There are some valuable lessons here for innovation management.  First the story reminds us once again of the power of user experience.  The person in a factory likely to know most about problems and how they might be solved is the worker most closely involved with it – as Margaret Knight was.  Employees as users of a process and makers of a product  are a rich source of ideas for its improvement. Not for nothing does Toyota make genchi genbutsu –  ‘go to the source’ – a core principle in their world-famous Production System.

But it isn’t just ideas; in her case it was her own drive which led her to persevere, putting her energies (and her life savings) into making the idea real.  As Toyota, 3M and a host of others have found, providing a helping hand and a pathway along which to channel that kind of passion can be a profitable innovation strategy.

It’s also a learning process which benefits from experimentation and prototyping.  Hers was not a theoretical approach to innovation; ever since she had started making toys she was an improviser.  Much of the problem solving comes from trying out prototypes which fail – something James Dyson (with his 5000 plus ‘failed’ prototypes) recognised.  What doesn’t work may well make your innovation stronger.

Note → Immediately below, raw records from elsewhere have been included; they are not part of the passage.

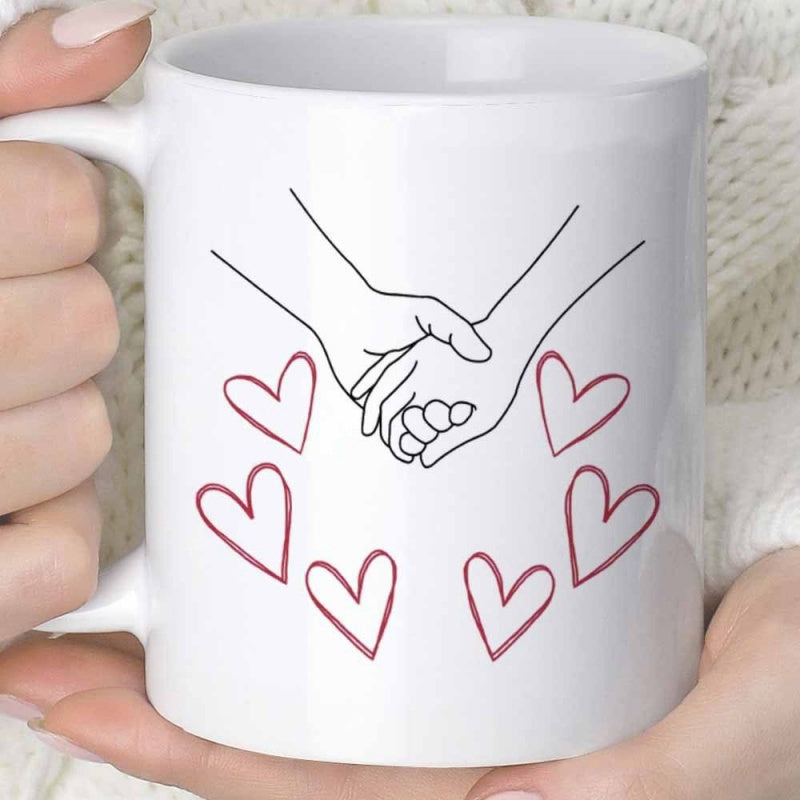 Tailorly White Ceramic 11 oz Mug - Minimalist Line Art With Two Hands Interlocking Surrounded By Several Small Hearts Hands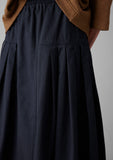 Pleated Organic Cotton Skirt | Navy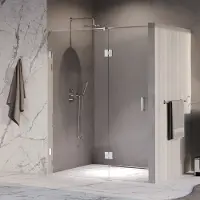 Brauer Void profielloze nisdeur 160cm met draaideur 70cm aan glas chroom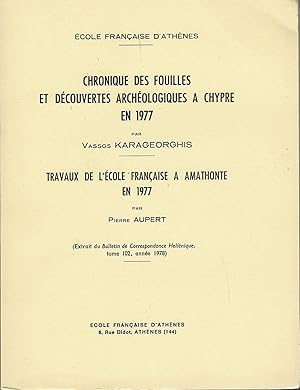 Seller image for Chronique des fouilles et dcouvertes archologiques  Chypre en 1977 for sale by Librairie Archaion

Another key lesson is about diversity; her background in so many different jobs helped give her novel insights.  Not least the core principles which she worked with came originally from upholstery where she’d worked before making paper bags.  These days crowdsourcing is fashionable and it certain brings many minds to help make light work of the innovation problem.  But the lesson we are learning is that it is less about the sheer volume of ideas than the diversity of them; asking the crowd increases our chance of a novel insight from an unexpected direction.

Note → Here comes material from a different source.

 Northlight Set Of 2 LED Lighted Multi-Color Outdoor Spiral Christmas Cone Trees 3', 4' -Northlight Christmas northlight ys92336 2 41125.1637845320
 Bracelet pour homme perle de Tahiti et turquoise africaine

Innovation isn’t about a single bright idea; hers wasn’t the first paper bag machine nor the last; instead she put in place a dominant design around which others could focus in a self-reinforcing learning process which quickly helped the product move to mass scale.  By 1895 machines using the many improvements on her design were able to turn out over 3000 bags/hour, double what Wolle’s original machine had been capable of. And this time the bags were of high reproduceable quality,  strong enough to become the workhorses of the expanding retail industry.  (Today’s machines offer in excess of 7000 bags/hour and patents for improvements are still being registered).

So next time you pick up groceries and carry them home (or have them delivered) in sturdy brown paper bags spare a thought for Margaret Knight who not only made this possible but whose innovation may also help in our somewhat more important journey towards sustainability.